I am convinced that a collaborative, communal approach to leadership that empowers multiple centers of influence as well as a diverse array of leaders is better suited to addressing the issues before us during this era of a globalized world, even more so now that I see the nations pulling apart from one another through tribalized reactions to the challenges we face. We need each other!

For as in one body we have many members, and the members do not all have the same function, so we, though many, are one body in Christ, and individually members one of another (Rom. 12:4-5, ESV).

A Trinitarian approach to leadership

Foundational to this new theoretical model is the idea of how our Lord works in trinitarian fashion. Mission studies increasingly view the Trinity as a paradigm for mission. This insight has implications for the way we lead.[6]

Just as the Father, Son, and Holy Spirit lead in a polycentric fashion, we as mission leaders can continue in this stream by leading polycentrically. Ultimately, it is God who directs our vision and leads the way. His model is one we can emulate as we follow his lead and provide leadership in the realms that he has appointed for us to serve. As we become more polycentric in leadership, we can become more like Christ, the Good Shepherd and Servant Leader.[7]

Polycentric mission leadership

Leading in an era of globalization requires a broader array of voices of leaders representing local and regional constituencies who are empowered to self-organize within complex, adaptive, and self-regulating systems. Polycentric mission leadership functions across multiple spheres of influence. These can include but are not limited to geography, ethnicity, age, regions, gender, and nationalities. Ideally, it is inclusive of the various centers of influence within one’s network, movement, or organization.

Polycentric mission leadership draws from a rich diversity of wisdom to guide the movement in mission.

Polycentric mission leadership draws from a rich diversity of wisdom to guide the movement in mission. From each of these diverse peoples and platforms, a community is formed, rooted in Christ and his tri-fold identity. This community operates in a collective fashion, inspired by the Holy Spirit, empowering and releasing the gifts and potential of everyone in the movement. This inspiration is where vision comes from. It is the work of God in our midst from which we draw strength, build roots of character, and develop core values, gaining vision for the mission of God.

Each community draws strength from their uniqueness which allows them to operate and coordinate their efforts according to their calling and vision. They form interdependent teams, working together through shared perspectives and collective processes. In essence, they are entrepreneurial networks, catalyzing self-governing entities, empowered to fulfill the mission to which they have been called.

Polycentric leadership themes

Polycentric mission leadership is composed of six common themes that, when deployed together, result in a stronger approach to leading mission movements.

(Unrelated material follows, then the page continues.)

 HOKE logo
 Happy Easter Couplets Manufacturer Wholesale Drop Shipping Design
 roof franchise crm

Polycentric Mission Leadership Themes


Components of The Theme


Charismatic | Value-based | Spiritual


Collaboration | Network | Participate | Shared | Collective


Community | Contractual or Cooperative | Own Ecosystem | Mutual Visual | Team


Empowerment | Encouragement | Relational


Entrepreneurial | Freedom to Structure


Diversity | Cross-cultural


Charisma includes a strong spiritual foundation and a strong set of core values. Charisma is more than just having charismatic personality. It also involves strength of character, trustworthiness, and a faithful presence. Charisma is vital to effective polycentric leadership. Whether it be good character, spiritual inspiration, or casting and carrying out vision, charisma is vitally important to leading well as a mission leader today.

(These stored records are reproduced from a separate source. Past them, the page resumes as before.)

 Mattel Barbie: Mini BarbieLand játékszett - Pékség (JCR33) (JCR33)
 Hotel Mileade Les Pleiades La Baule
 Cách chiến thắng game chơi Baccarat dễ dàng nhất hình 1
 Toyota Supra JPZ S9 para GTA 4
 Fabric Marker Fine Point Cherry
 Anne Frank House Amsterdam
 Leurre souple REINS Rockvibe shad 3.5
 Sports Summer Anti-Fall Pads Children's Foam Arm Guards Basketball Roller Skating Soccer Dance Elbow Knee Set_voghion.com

Collaboration includes the theological collaboration around the power of the Trinity, working together in a shared participative manner. Effective leaders must be collaborative in their approach, willing to work in team-centered paradigms where no one rises above the others and all work together toward the goals of their particular network.[8]


Leading through community is integral to polycentric leadership. In the fellowship and family-like atmosphere of serving together, leaders gain perspective and insight from one another and are better able to function through checks and balances, holding each other to higher standards and modeling the collective behaviors they seek to engender, fulfilling their mutual vision and mission. Collaborators become a community, establishing a contract where vision is shared so they can function as a team.

Leaders that work with others in community bring change to their various networks; they foster an environment that has the momentum to go farther together. As the teams work together, comradery builds, vision coalesces, and action begins to take shape.


Relationship—spending time with one another, getting to know one another, and going beyond just working together—is imperative. Leading well involves a depth of relationship that goes beyond partnership or collaboration. It flows within the communal theme mentioned above but goes further pressing into deep personal ties.


Self-governance and freedom are crucial for local teams to operate effectively. Entrepreneurial freedom gives rise to effective leadership. This is especially true for mission movements that thrive in a culture of risk-taking, entrepreneurship, experimentation, and innovation. Freedom means independence from overarching structures in terms of decision-making and agenda-setting. This includes teams’ freedom to structure on their own accord and around the more entrepreneurial aspects of leadership.

This type of governance does beg the question of accountability, however. Fortunately, within polycentric governance models, sharing among farmers, fisherman, and government entities all show promise. In these models, overlapping decision-making entities respect one another as they make decisions and keep the other ecosystems in mind.[9] Further practical help can be found among Matrix Management systems. In these systems, leadership is sometimes rotated and seasonally assigned based on either expertise or other factors where different types of knowledge or wisdom is necessary.[10]


Leaders who value and recognize diversity are able to work across regions, networks, and cultures. The diversity of leadership gifts described in Ephesians 4 is paramount. For diversity to be fully employed within a polycentric leadership model, it must represent every facet of diversity represented within a network, movement, or society. It is in this diversity of leadership that strong bonds develop which overcome obstacles, create unified momentum, and catalyze ideas toward a better future.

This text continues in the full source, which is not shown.